Denburn closing too? And Loanhead...end of an era! I thought the bypass is to be west of Loanhead? Shame about the gorgeous, huge indoor school! When are they closing?


----------



## lachlanandmarcus (16 December 2013)

spookypony said:



			Denburn closing too? And Loanhead...end of an era! I thought the bypass is to be west of Loanhead? Shame about the gorgeous, huge indoor school!
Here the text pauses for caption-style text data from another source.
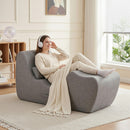 Artiss Chaise Lounge Chair Ergonomic S-Curve Floor Lounger Boneless Lounge Chairs Grey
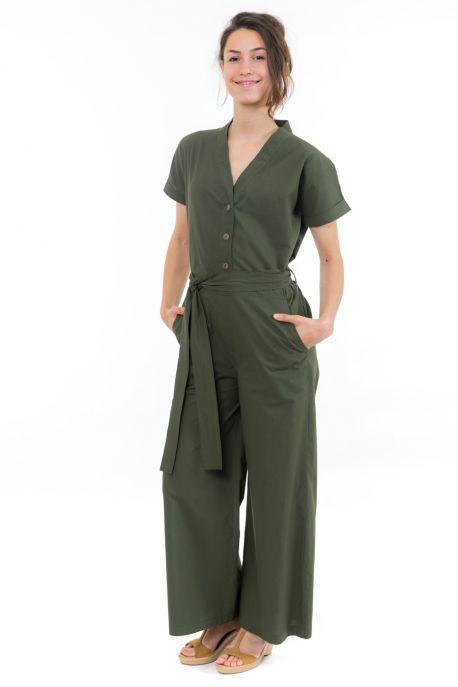 Combinaison pantalon femme saharienne kaki face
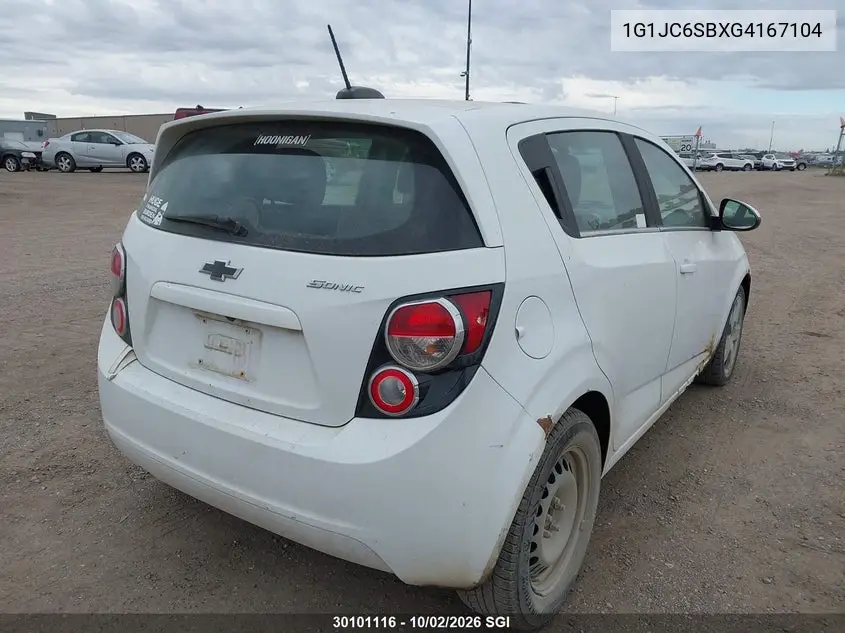 2016 CHEVROLET SONIC VIN 1G1JC6SBXG4167104 — фото 4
When are they closing?
		
Click to expand...

One of them is closing cos of an associated housing development rather than cos of the bypass itself I think....maybe that's it?


----------



## khalswitz (16 December 2013)

lachlanandmarcus said:



			One of them is closing cos of an associated housing development rather than cos of the bypass itself I think....maybe that's it?
		
Click to expand...

Yeah, Denburn is the bypass, same as Old Milltimber - that's why they've been continuing for so long with grass livery. Loanhead is housing - Stuart Milne who owns it has been trying for a long time to close them down for housing, and only just got the permission. 

I don't know when Denburn will actually close, Loanhead has said end of March.


----------



## ClobellsandBaubles (16 December 2013)

spookypony said:



			Denburn closing too? And Loanhead...end of an era! I thought the bypass is to be west of Loanhead? Shame about the gorgeous, huge indoor school! When are they closing?
		
Click to expand...

Denburn too!! That's a lot of displaced horses that's got to be three of the biggest yards nearest the city. Shame about loanhead the hacking round there is great I can bike there through the woods from my flat.


----------



## khalswitz (17 December 2013)

ClobellsandBaubles said:



			Denburn too!! That's a lot of displaced horses that's got to be three of the biggest yards nearest the city. Shame about loanhead the hacking round there is great I can bike there through the woods from my flat.
		
Click to expand...

Yeah that's been on the cards a long while though? They were told the same time as Milltimber, or that's what I heard. Don't think they are ejecting current liveries any time soon though, same as Old Milltimber, just that it's on the cards. Don't make me question my sources people!


----------



## EmmasMummy (17 December 2013)

Parkhill moved and milltimber farm moved, so I guess these other yards aren't really keen to continue as they will surely have been given remuneration to move and so can set up else where?? 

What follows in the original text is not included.